Tjahjo menolak campur tangan untuk menyelesaikan persoalan tersebut. Alasannya, pengajuan hak angket bukan merupakan kewenangannya. Melainkan tugas konstitusional DPRD. Begitu pula dengan KPK. Meskipun Tjahjo mengungkapkan sudah mendiskusikan persoalan tersebut dengan Wakil Gubernur DKI Jakarta Djarot Saiful Hidayata dan Ketua DPRD DKI Jakarta Prasetio Edi Marsudi pada 1 Maret 2015 malam.”Tapi tidak ada kesimpulan,” kata Tjahjo.
Catatan Tjahjo, pelaksanaan sidang angket harus dilakukan secara terbuka, transparan, dan bisa diikuti masyarakat. KPK pun diminta untuk obyektif dalam melakukan penyidikan soal dugaan dana siluman yang dituduhkan Ahok.”Biar keputusan angket dan KPK terkuak. Siapa yang bermain,” kata Tjahjo.

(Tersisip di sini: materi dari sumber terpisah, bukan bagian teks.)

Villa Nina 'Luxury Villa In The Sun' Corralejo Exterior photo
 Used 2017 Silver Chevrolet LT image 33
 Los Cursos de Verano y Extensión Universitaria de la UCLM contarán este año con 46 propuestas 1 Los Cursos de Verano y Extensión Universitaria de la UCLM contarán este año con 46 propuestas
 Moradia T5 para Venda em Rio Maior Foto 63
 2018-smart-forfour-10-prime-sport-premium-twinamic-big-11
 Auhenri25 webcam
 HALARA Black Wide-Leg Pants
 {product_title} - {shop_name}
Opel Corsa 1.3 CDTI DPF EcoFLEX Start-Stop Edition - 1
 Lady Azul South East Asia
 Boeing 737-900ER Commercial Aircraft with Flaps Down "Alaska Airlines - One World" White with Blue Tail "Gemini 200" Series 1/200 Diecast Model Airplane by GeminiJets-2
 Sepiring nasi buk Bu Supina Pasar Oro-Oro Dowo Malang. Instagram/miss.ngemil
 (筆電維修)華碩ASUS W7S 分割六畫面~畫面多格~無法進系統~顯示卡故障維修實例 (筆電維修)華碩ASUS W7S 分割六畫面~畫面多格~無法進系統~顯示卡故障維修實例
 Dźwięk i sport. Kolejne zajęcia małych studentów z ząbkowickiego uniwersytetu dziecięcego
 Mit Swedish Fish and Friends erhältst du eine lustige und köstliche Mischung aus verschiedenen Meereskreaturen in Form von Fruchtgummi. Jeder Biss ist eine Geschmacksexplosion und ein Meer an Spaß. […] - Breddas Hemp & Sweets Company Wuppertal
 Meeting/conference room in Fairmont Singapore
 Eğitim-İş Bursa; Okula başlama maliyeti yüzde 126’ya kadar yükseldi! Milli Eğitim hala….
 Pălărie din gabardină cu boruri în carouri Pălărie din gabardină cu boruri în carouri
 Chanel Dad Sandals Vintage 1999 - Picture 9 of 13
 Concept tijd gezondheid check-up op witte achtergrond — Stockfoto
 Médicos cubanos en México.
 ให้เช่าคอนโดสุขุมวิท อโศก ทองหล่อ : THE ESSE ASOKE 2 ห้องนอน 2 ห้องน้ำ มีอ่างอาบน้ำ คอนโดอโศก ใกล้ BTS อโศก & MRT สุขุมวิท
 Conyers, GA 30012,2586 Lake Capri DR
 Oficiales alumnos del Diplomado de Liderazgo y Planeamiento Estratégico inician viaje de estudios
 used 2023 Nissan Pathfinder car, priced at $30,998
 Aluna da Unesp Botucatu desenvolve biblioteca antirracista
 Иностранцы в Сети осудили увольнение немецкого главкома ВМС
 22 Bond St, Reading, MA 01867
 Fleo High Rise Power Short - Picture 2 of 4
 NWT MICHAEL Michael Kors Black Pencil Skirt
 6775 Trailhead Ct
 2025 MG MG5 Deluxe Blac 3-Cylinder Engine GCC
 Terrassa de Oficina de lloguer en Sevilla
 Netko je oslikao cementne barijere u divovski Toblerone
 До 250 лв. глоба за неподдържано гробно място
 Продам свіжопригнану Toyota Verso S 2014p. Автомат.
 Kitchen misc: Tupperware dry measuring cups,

Di sisi lain, Tjhajo akan mencari formula agar biaya belanja rutin pemerintah tidak tertunda. Semisal gaji untuk pegawai. “Jangan mengganggu kepentingan rakyat DKI” kata Tjahjo.
Konflik antara Ahok dengan DPRD DKI Jakarta mencuat pasca pengesahan APBD 2015 sebesar Rp 73 triliun dalam sidang paripurna DPRD DKI pada 27 Januari. Ahok pun langsung mengirim APBD ke Kementerian Dalam Negeri. Namun, pada awal Februari, Kementerian mengembalikan APBD 2015 dengan alasan ada yang belum lengkap.
DPRD menilai penyebabnya adalah karena Ahok menyerahkan APBD yang beda dengan yang disetujui bersama. Wakil Ketua Badan Anggaran DPRD DKI Muhammad Taufik mengatakan APBD yang dikirim tidak mencantumkan kegiatan-kegiatan yang telah dibahas di tiap komisi.
Dewan kemudian memutuskan menggunakan hak angket. Ahok balik menyerang dengan membeberkan anggaran siluman yang mencapai bukan lagi Rp 8,8 triliun, tapi Rp 12 triliun, dalam APBD 2015. Dalam anggaran Rp 12 triliun tersebut, terdapat pembelian uninterruptible power supply (UPS) atau penyimpan daya senilai Rp 6 miliar untuk setiap sekolah di puluhan sekolah.